_TASK OBJECTIVE:_ Starting at the line that contains "ヤクルト対中日　5回終了時、" in the listing below, write out every line word for word until you have written the line that contains "2-комнатная квартира, этаж".

_TASK INPUTS:_
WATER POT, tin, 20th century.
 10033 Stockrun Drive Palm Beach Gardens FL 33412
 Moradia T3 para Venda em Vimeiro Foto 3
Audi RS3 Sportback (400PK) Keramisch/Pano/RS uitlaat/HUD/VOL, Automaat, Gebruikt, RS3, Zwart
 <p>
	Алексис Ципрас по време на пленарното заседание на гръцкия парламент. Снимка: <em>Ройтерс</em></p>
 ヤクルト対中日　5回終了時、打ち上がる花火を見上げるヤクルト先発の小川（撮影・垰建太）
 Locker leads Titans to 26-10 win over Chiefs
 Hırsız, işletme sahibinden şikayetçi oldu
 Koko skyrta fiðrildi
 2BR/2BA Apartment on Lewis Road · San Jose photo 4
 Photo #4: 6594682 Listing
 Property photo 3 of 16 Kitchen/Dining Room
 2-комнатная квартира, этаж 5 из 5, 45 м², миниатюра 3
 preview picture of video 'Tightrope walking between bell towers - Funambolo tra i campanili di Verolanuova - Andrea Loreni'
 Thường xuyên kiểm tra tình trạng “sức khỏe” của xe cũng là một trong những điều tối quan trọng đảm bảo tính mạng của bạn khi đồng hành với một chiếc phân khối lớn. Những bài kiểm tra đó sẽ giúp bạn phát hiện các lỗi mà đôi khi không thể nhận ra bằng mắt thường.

_TASK ANSWER:_
 ヤクルト対中日　5回終了時、打ち上がる花火を見上げるヤクルト先発の小川（撮影・垰建太）
 Locker leads Titans to 26-10 win over Chiefs
 Hırsız, işletme sahibinden şikayetçi oldu
 Koko skyrta fiðrildi
 2BR/2BA Apartment on Lewis Road · San Jose photo 4
 Photo #4: 6594682 Listing
 Property photo 3 of 16 Kitchen/Dining Room
 2-комнатная квартира, этаж 5 из 5, 45 м², миниатюра 3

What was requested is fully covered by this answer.